Thanks for supporting our design. We are working towards fixing those few
glitches!
But true that things are not changing as fast as we have wished. Each new
idea needs
time to get converted into code, get tested. Hence bit delay in things.

No problem and thank you for this email, it has answered a major issue
for me .. I am of course going to ask;
a. Any timescale on the metadata changes?
b. How much of a difference will it make.. will we be approaching
local(ish) speeds .. or are we just talking x2 of current?

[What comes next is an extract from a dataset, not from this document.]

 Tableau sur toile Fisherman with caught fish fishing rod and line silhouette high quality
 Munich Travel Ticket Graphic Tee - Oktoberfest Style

I imagine that would depend on the metadata expiry timeouts. If it's set
to 100ms, the chances are that you won't see much improvement. If it's set
for 100 seconds, it'll go as fast as local FS for cached data but you'll
be working on FS state that might as well be imaginary in some cases. No
doubt someone will then complain about the fact that posix semantics no
longer work.

<snip>

I have been following this thread and the metadata stuff does interest me -
we have millions and millions of small files.

In the above situation though, I would of thought knowing all of the inputs
into the system ( ie - gluster knows that state everything is in, as long as
no-one enters and changes things from outside of the mechanism in the
back-ground ) could see some fair potential for caching the meta data.  If
the system is in a degraded state sure you wouldn't and shouldn't trust this
cache, but all things being equal and happy, why can't we trust a good sized
cache metadata is AFR/unity/whatever is reporting the system is happy and
operational ?

This relates to the point I made a few days ago on the other thread. You _could_ do this, but in order to do that, you'd have to change the sync-on-read paradigm and couple the systems much more tightly. This would likely involve things like mandatory fencing requirements which are currently avoided.

If you have a read-lock on a file, you cannot get a write-lock on it, so you could potentially sacrifice write-lock performance for read-locking in that case, by making read-locks always available without external checking against other nodes unless a write lock is in place (which needs to be broadcast and acknowledged by _all_ nodes in the cluster).

This is also made more difficult with unify or striping because the data is remote in the first place, so you have to retrieve the metadata at least from the server - unless you want to cache it locally, which would gain break posix semantics.

Note - NFS is not posix. You can set metadata cache expiry on NFS. NFS also has the advantage that the data is on _one_ server, so even if there was some form of locking that reliably works over NFS available (there isn't, but for the sake of the argument, if there was) there would still be no concept of chasing locks across the cluster to make sure the mirrors are consistent before granting them.

In short - comparing NFS to GlusterFS isn't really meaningful.